> _Collected data_
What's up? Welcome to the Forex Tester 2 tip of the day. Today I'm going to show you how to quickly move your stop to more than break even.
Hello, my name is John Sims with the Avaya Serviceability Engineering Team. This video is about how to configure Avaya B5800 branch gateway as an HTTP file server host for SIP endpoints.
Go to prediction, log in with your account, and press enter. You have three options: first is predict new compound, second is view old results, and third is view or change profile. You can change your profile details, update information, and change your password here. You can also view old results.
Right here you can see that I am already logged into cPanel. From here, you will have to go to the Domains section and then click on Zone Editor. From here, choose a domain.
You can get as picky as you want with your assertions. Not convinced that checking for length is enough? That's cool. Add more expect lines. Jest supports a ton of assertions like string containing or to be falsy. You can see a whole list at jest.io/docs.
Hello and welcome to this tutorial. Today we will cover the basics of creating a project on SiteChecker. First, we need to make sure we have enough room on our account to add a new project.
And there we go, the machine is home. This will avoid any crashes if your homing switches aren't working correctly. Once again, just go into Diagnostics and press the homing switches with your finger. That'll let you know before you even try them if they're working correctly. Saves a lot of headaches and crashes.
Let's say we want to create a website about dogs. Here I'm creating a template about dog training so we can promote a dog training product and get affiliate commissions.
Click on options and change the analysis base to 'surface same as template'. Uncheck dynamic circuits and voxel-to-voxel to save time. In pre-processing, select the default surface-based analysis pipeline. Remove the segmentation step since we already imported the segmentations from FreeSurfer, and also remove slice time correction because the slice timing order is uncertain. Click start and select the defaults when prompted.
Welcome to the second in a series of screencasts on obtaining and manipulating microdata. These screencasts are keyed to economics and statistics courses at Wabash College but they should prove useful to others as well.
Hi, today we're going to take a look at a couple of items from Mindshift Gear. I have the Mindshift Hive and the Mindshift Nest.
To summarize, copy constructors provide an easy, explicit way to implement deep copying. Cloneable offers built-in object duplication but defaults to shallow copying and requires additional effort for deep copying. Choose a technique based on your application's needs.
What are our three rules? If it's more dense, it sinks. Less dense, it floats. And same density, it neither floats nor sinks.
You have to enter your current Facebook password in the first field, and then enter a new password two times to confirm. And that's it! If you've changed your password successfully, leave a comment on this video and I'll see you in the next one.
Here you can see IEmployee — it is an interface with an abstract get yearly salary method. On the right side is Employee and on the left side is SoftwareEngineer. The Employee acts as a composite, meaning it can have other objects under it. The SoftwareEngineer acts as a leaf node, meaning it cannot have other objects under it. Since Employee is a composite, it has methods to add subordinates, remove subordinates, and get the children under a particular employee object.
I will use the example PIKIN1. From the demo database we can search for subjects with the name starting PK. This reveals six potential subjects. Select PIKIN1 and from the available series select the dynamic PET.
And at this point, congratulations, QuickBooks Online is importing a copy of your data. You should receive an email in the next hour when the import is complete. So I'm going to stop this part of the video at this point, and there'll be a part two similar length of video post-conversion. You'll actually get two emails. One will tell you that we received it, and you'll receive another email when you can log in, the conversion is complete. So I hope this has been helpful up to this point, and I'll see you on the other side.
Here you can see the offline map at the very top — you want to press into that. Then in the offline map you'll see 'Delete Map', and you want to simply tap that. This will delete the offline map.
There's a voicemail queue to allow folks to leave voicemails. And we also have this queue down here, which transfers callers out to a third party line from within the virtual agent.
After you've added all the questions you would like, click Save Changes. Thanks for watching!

> _Task requirements_
Retype the records above from the very first line down to the line with "Hello, my name", keeping both of those lines. Include nothing beyond them.

> _Answer space_
What's up? Welcome to the Forex Tester 2 tip of the day. Today I'm going to show you how to quickly move your stop to more than break even.
Hello, my name is John Sims with the Avaya Serviceability Engineering Team. This video is about how to configure Avaya B5800 branch gateway as an HTTP file server host for SIP endpoints.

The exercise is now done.